# When is a Markov chain a Markov chain?

I’ve been taking tutorials on the third quarter of the second-year probability course, in which the student have met discrete-time Markov chains for the first time. The hardest aspect of this introduction (apart from the rapid pace – they cover only slightly less material than I did in Cambridge, but in half the time) is, in my opinion, choosing which definition of the Markov property is most appropriate to use in a given setting.
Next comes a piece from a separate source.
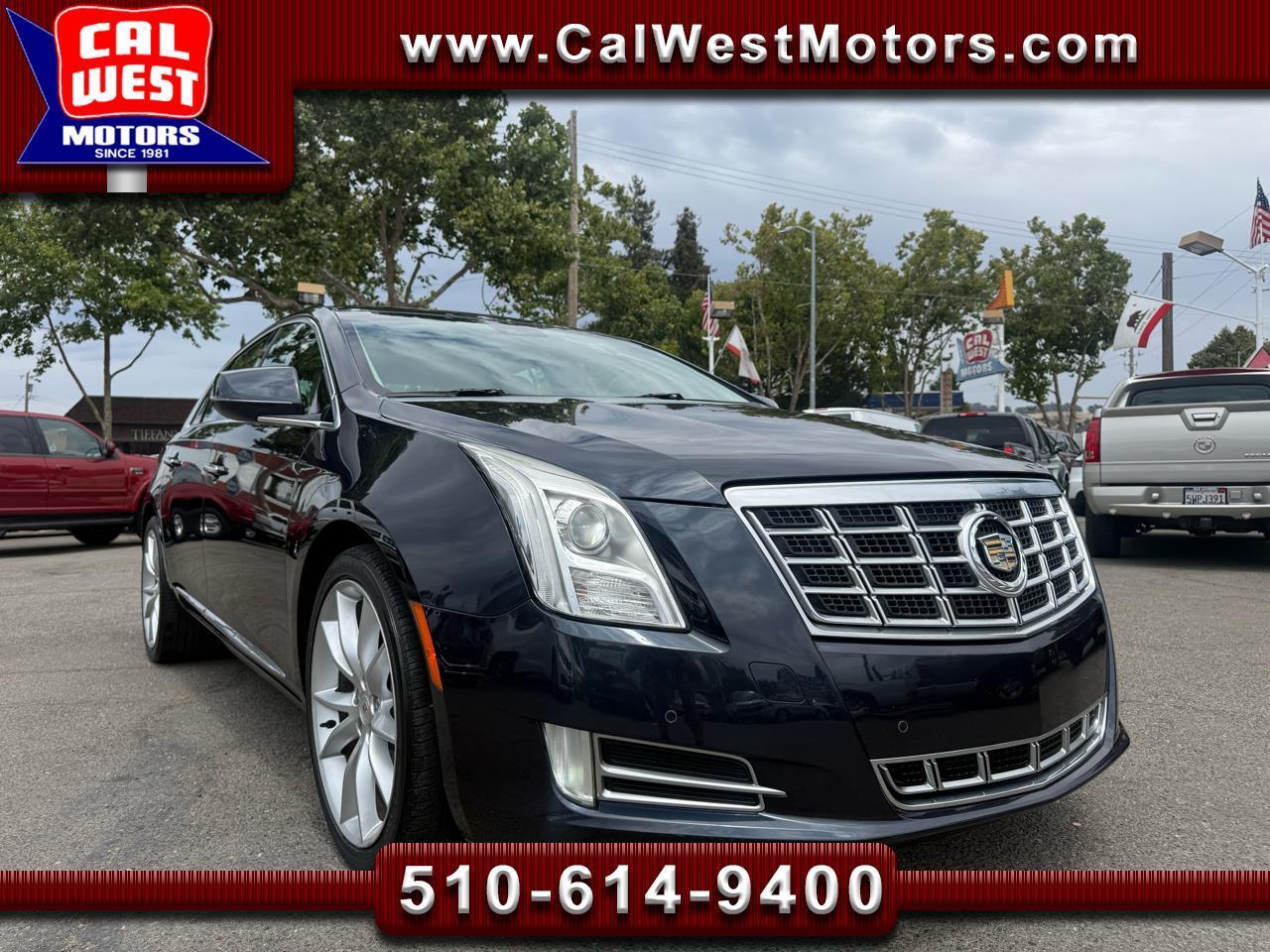 2013 Cadillac XTS Premium Sedan Leathr MRoof BUcam Blu2th XM LoMiles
We have the wordy “conditional on the present, the future is independent of the past”, which is probably too vague for any precise application. Then you can ask more formally that the transition probabilities are the same under two types of conditioning, that is conditioning on the whole history, and conditioning on just the current value

$\mathbb{P}(X_{n+1}=i_{n+1} \,\big|\, X_n=i_n,\ldots,X_0=i_0) = \mathbb{P}(X_{n+1}=i_{n+1} \,\big |\, X_n=i_n),$ (*)

and furthermore this must hold for all sets of values $(i_{n+1},\ldots,i_0)$ and if we want time-homogeneity (as is usually assumed at least implicitly when we use the word ‘chain’), then these expressions should be functions of $(i_n,i_{n+1})$ but not n.

Alternatively, one can define everything in terms of the probability of seeing a given path:

$\mathbb{P}(X_0=i_0,\ldots,X_n=i_n)= \lambda_{i_0}p_{i_0,i_1}\ldots p_{i_{n-1}i_n},$

where $\lambda$ is the initial distribution, and the $p_{i,j}$s are the entries of the transition matrix P.

Fortunately, these latter two definitions are equivalent, but it can be hard to know how to proceed when you’re asked to show that a given process is a Markov chain. I think this is partly because this is one of the rare examples of a concept that students meet, then immediately find it hard to think of any examples of similar processes which are not Markov chains. The only similar concept I can think of are vector spaces, which share this property mainly because almost everything in first-year mathematics is linear in some regard.

Non-examples of Markov chains

Anyway, during the tutorials I was asking for some suggestions of discrete-time processes on a countable or finite state space which are not Markov chains. Here are some things we came up with:

• Consider a bag with a finite collection of marbles of various colours. Record the colours of marbles sampled repeatedly without replacement. Then the colour of the next marble depends on the set you’ve already seen, not on the current colour. And of course, the process terminates.
• Non-backtracking random walk. Suppose you are on a graph where every vertex has degree at least 2, and in a step you move to an adjacent vertex, chosen uniformly among the neighbours, apart from the one from which you arrived.
• In a more applied setting, it’s reasonable to assume that if we wanted to know the chance it will rain tomorrow, this will be informed by the weather over the past week (say) rather than just today.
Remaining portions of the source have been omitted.